The album version of "Earth Intruders" was leaked to the internet on 24 April 2007 due to the full album being made available accidentally on the UK iTunes Store on 23 April 2007 for a total of six hours, two weeks before the album's official release date. Björk said of the song was based on a dream during a cross-Atlantic flight to New York where;

"a tsunami of millions and millions of poverty-stricken people" swelled high above the airplane she was a passenger on. Eventually, the wave overtook the plane, hit land and razed the White House into oblivion. "It's a quite chaotic song," she said of Volta's first single. "Lyrically, it's a collection of all of these images" burned into her memory, from her trip to Indonesia as well as her vivid, in-flight reverie."
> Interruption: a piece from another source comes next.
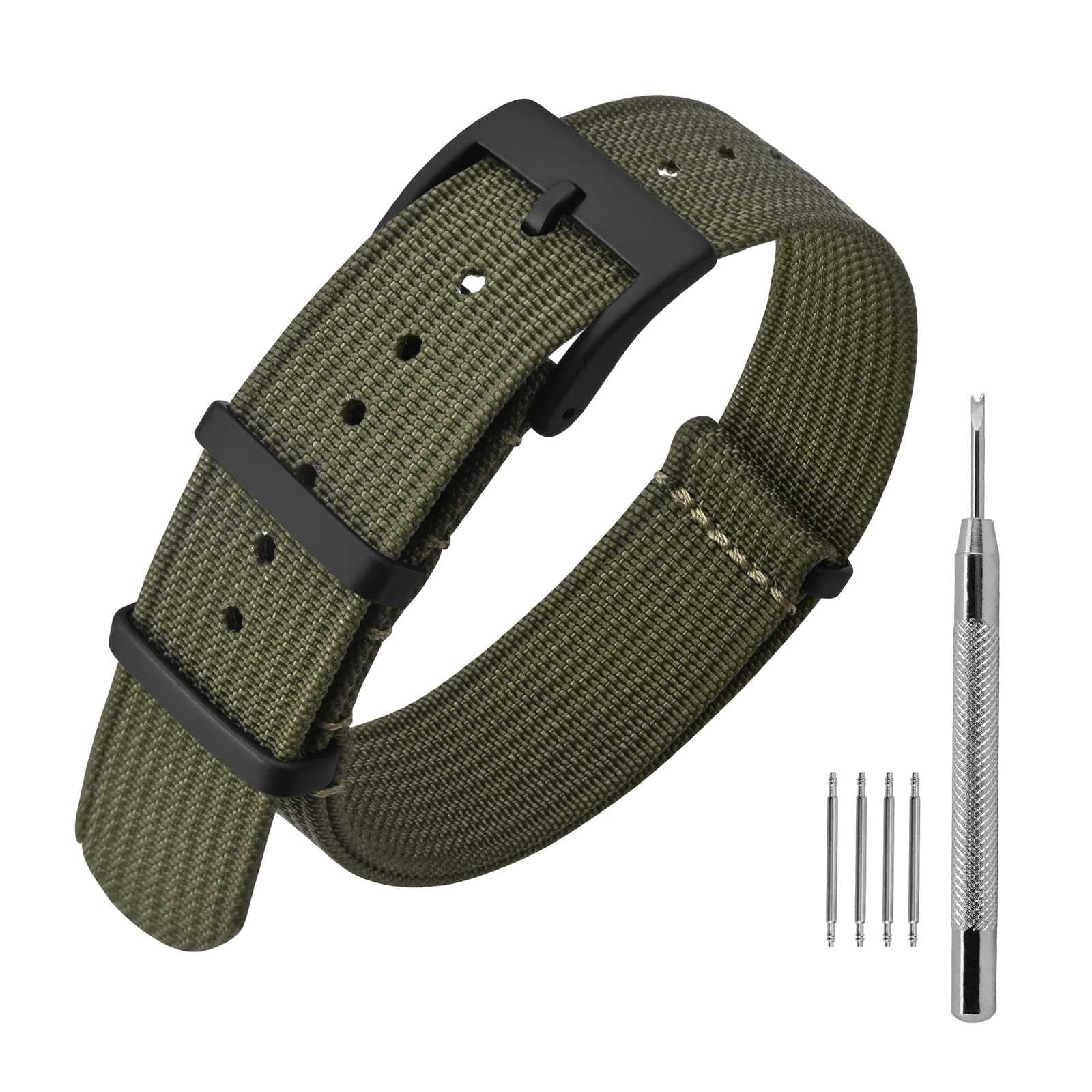 Foto 2 pulgar | Correa de Reloj Annefit de Nailon Verde Militar 20 mm - Venta Internacional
"Earth Intruders" is co-produced by R&B record producer Timbaland and his protégé Danja. Congolese group Konono Nº1 play electric likembes on the song.

==Critical reception==
"Earth Intruders" received critical acclaim from music critics. Drowned in Sound reviewer Mike Diver gave the song 9/10, praising it as "immediately catchy, compellingly left of centre, and undeniably unique". Digital Spy reviewer Miriam Zendle cited "Earth Intruders" as returning to Björk's earlier commercial sound, comparing it to her more recent albums that were "incredibly difficult to grasp hold of". Music website Popjustice called it the 80th greatest single of 2007.

==Music video==

Screenshot from "Earth Intruders"

The music video for "Earth Intruders" was directed by Michel Ocelot. It was accomplished within strict time constraints through a combination of live-action, silhouette animation, 3D computer graphics, traditional animation, cut-outs and other special effects. "Kirikou" was danced by Legrand Bemba-Debert in a costume made, based on Ocelot's ideas, by paper sculptor Anne-Lise Kœhler. A preview was shown during Le Grand Journal show on French TV channel Canal+ on 17 April 2007. The full video was made available in the iTunes Store on 24 April 2007.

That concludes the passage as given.